◆ **What to work on**
Starting with the line that has "Apartment Victoriei 31 By Mrg Bucharest" in the records below and stopping after the line that has "Picture 3 of", output every line exactly and nothing else; skip pictures.

◆ **Records for the task**

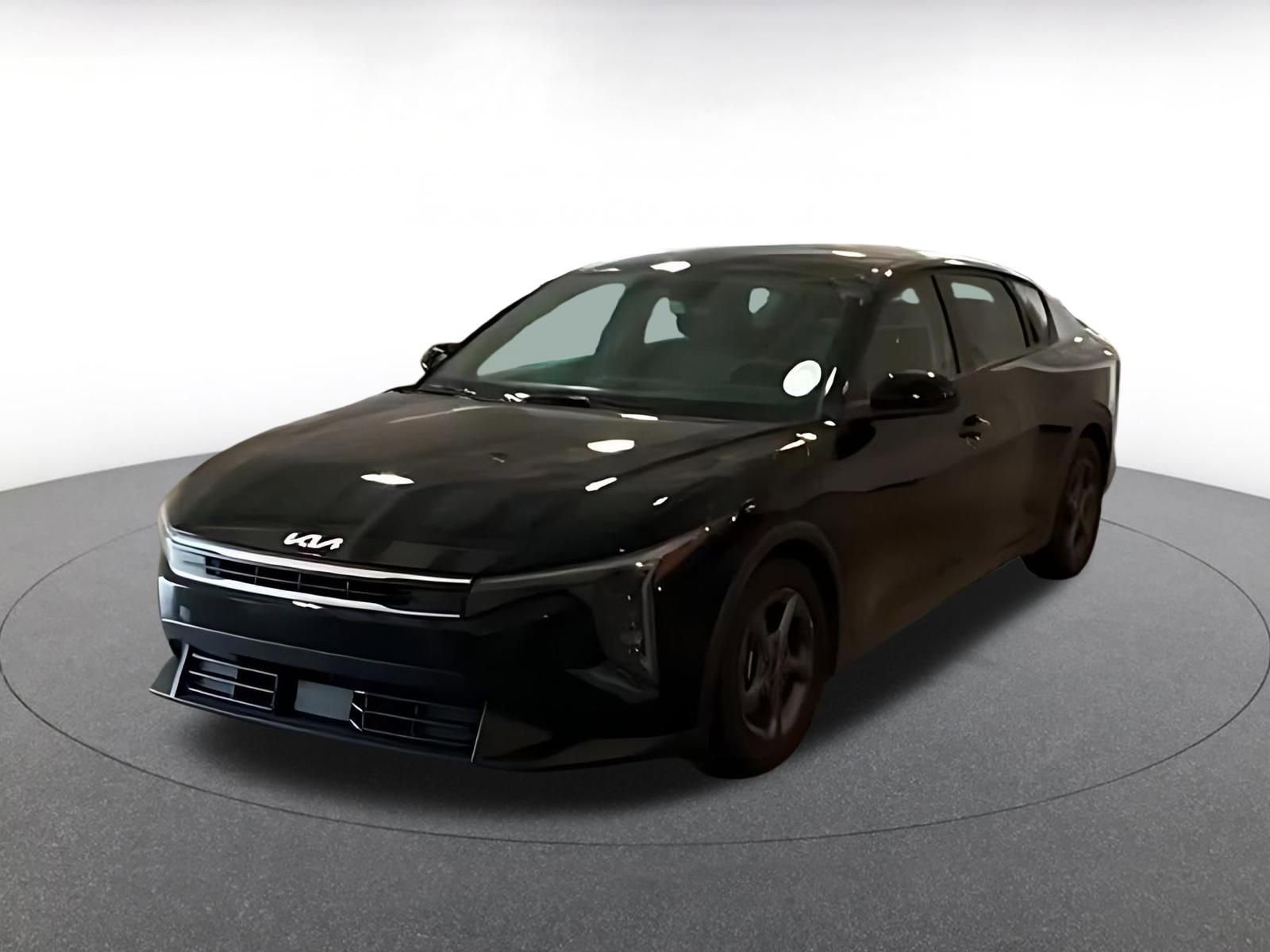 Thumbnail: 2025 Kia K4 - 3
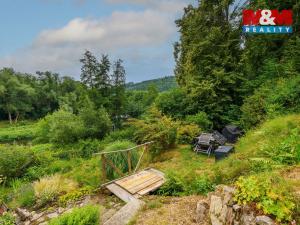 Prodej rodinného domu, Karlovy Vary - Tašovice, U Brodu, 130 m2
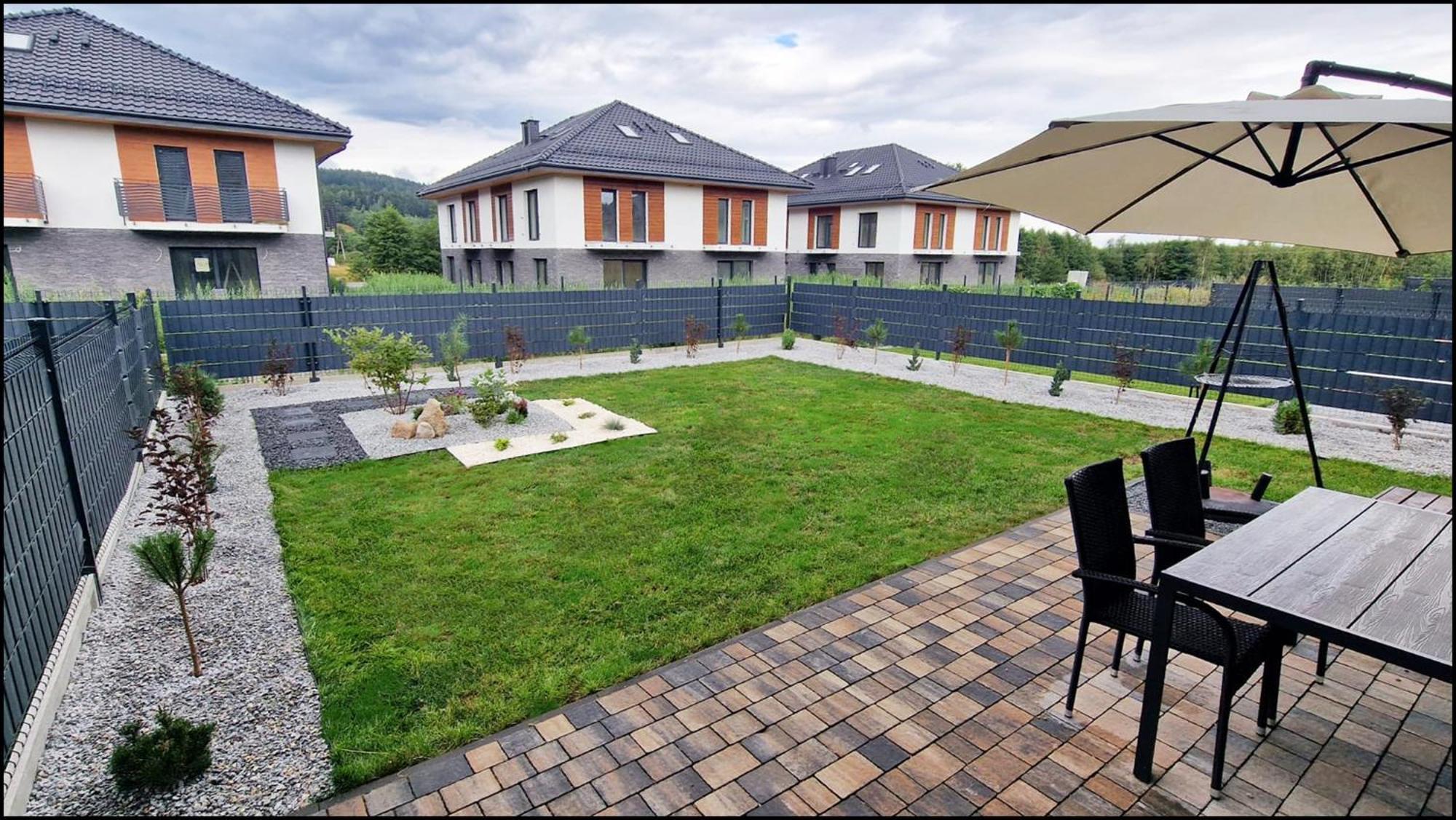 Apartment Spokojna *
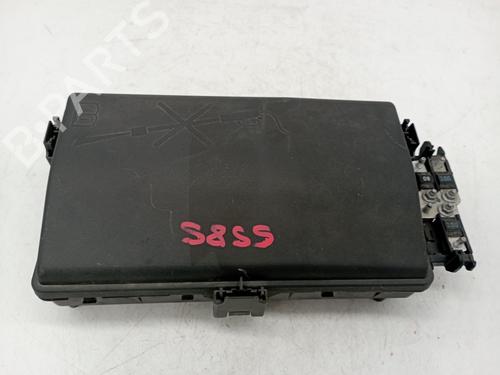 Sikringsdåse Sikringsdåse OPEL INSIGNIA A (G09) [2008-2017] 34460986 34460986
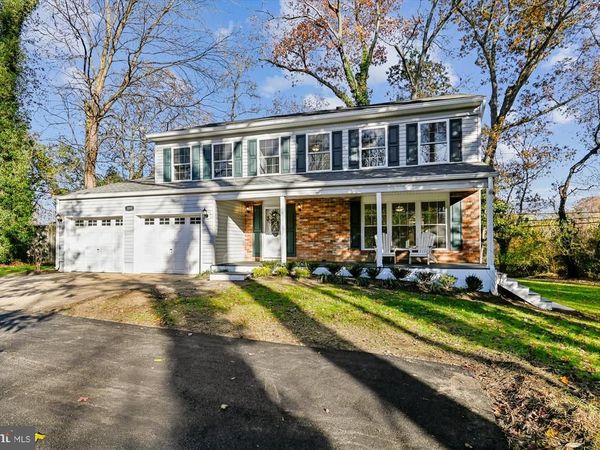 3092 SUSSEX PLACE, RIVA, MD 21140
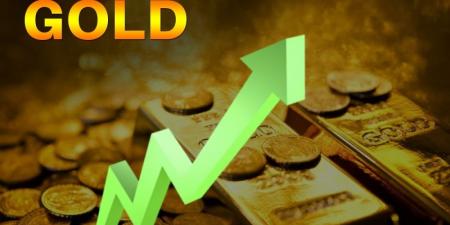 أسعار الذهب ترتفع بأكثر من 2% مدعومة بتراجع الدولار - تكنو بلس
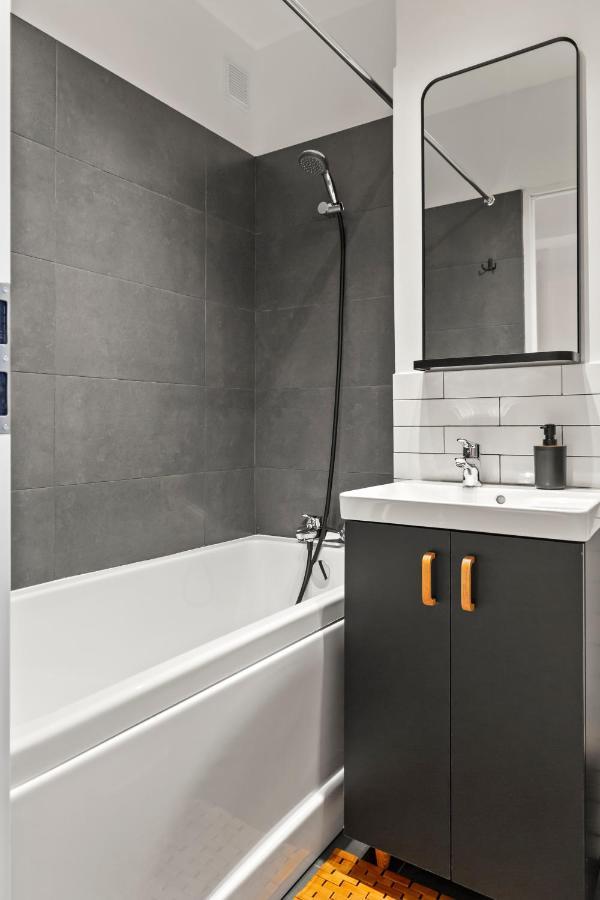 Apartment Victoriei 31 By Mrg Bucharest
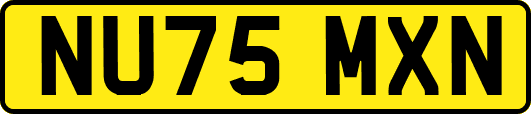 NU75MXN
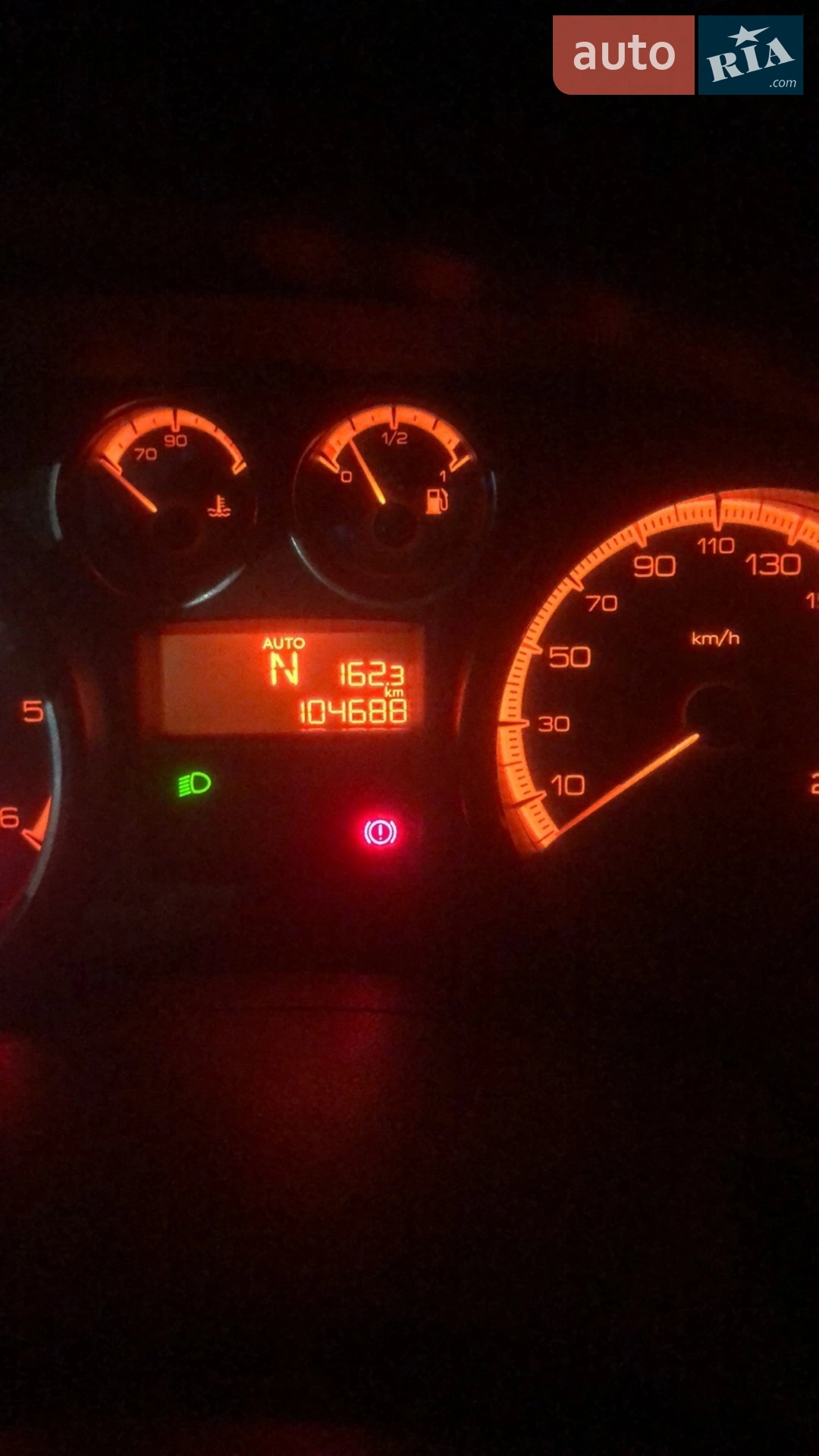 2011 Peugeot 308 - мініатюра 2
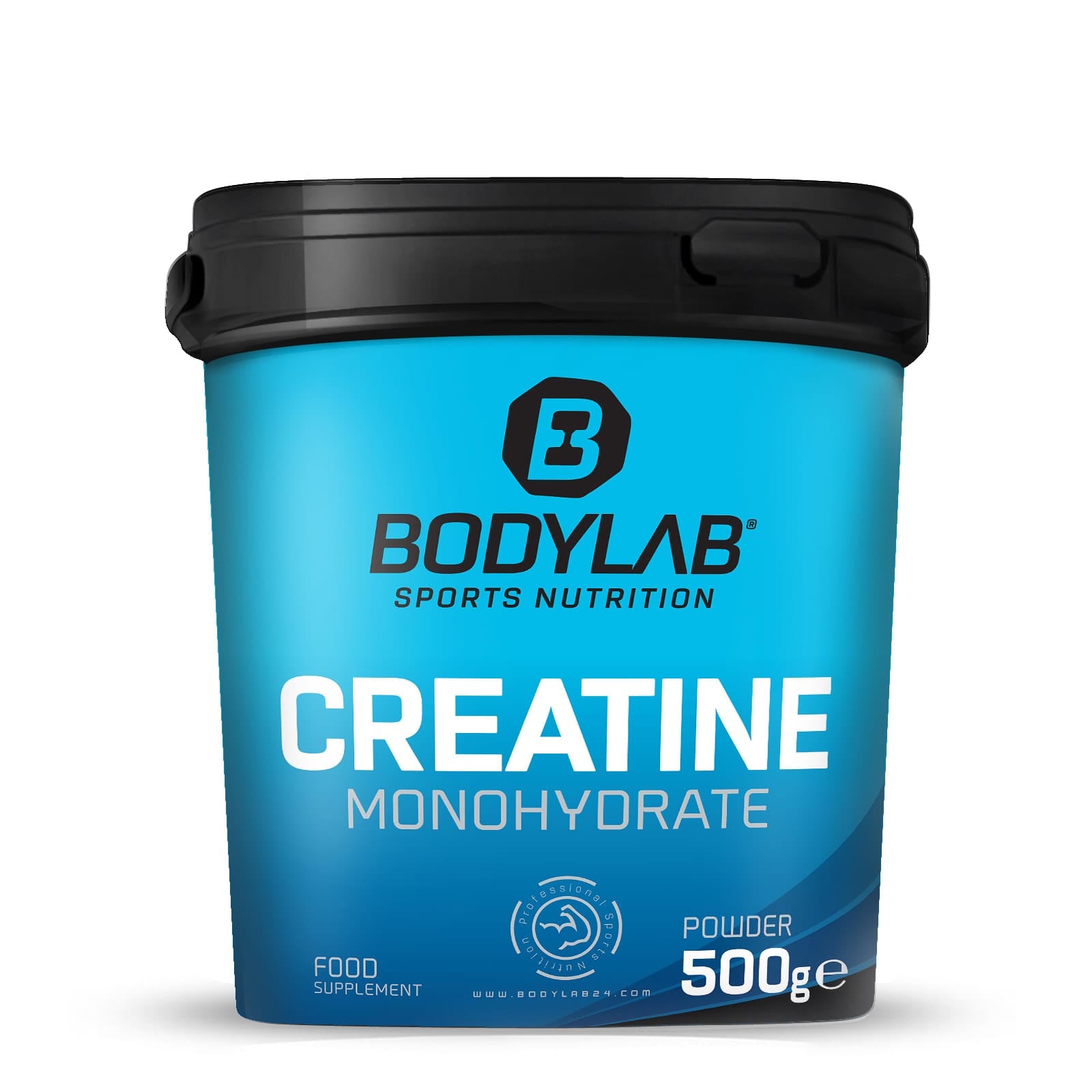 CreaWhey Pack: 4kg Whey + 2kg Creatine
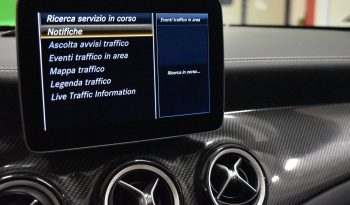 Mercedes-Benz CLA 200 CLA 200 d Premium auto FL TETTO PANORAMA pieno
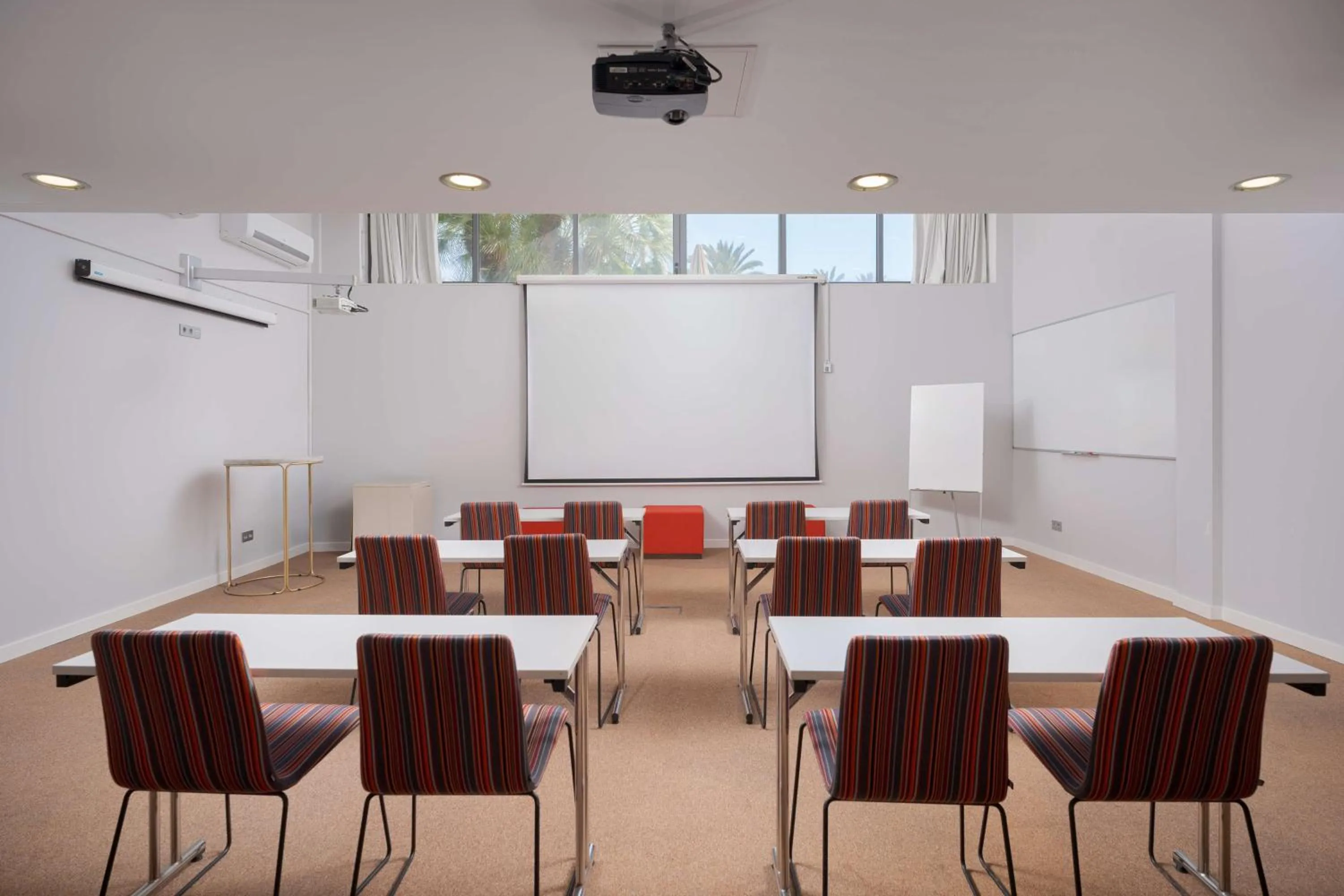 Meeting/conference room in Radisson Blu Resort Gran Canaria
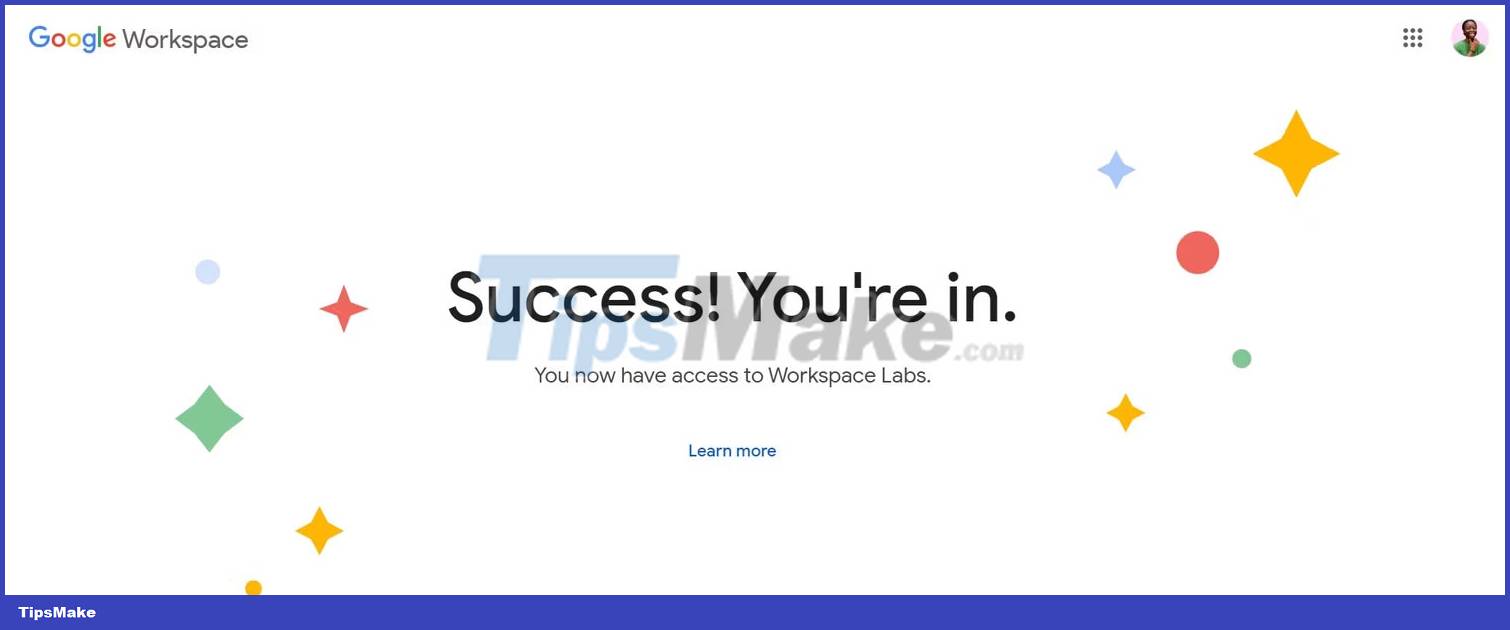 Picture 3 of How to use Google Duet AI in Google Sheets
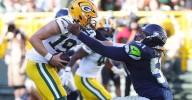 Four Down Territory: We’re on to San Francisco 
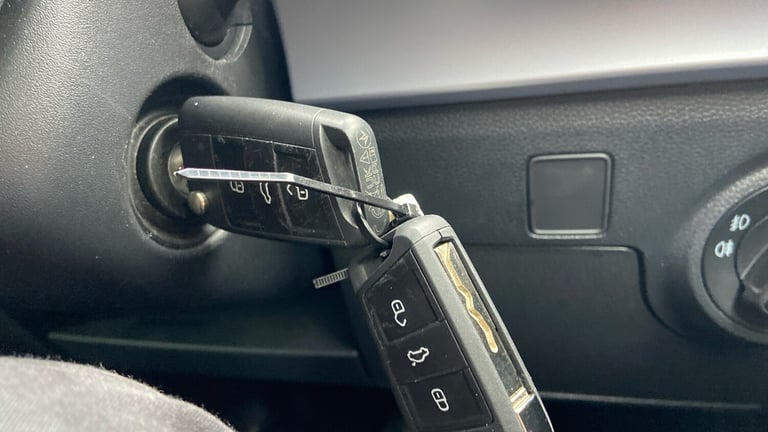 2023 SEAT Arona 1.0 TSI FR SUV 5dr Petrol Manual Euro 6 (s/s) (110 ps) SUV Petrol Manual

◆ **Response to the exercise**
 Apartment Victoriei 31 By Mrg Bucharest
 NU75MXN
 2011 Peugeot 308 - мініатюра 2
 CreaWhey Pack: 4kg Whey + 2kg Creatine
 Mercedes-Benz CLA 200 CLA 200 d Premium auto FL TETTO PANORAMA pieno
 Meeting/conference room in Radisson Blu Resort Gran Canaria
 Picture 3 of How to use Google Duet AI in Google Sheets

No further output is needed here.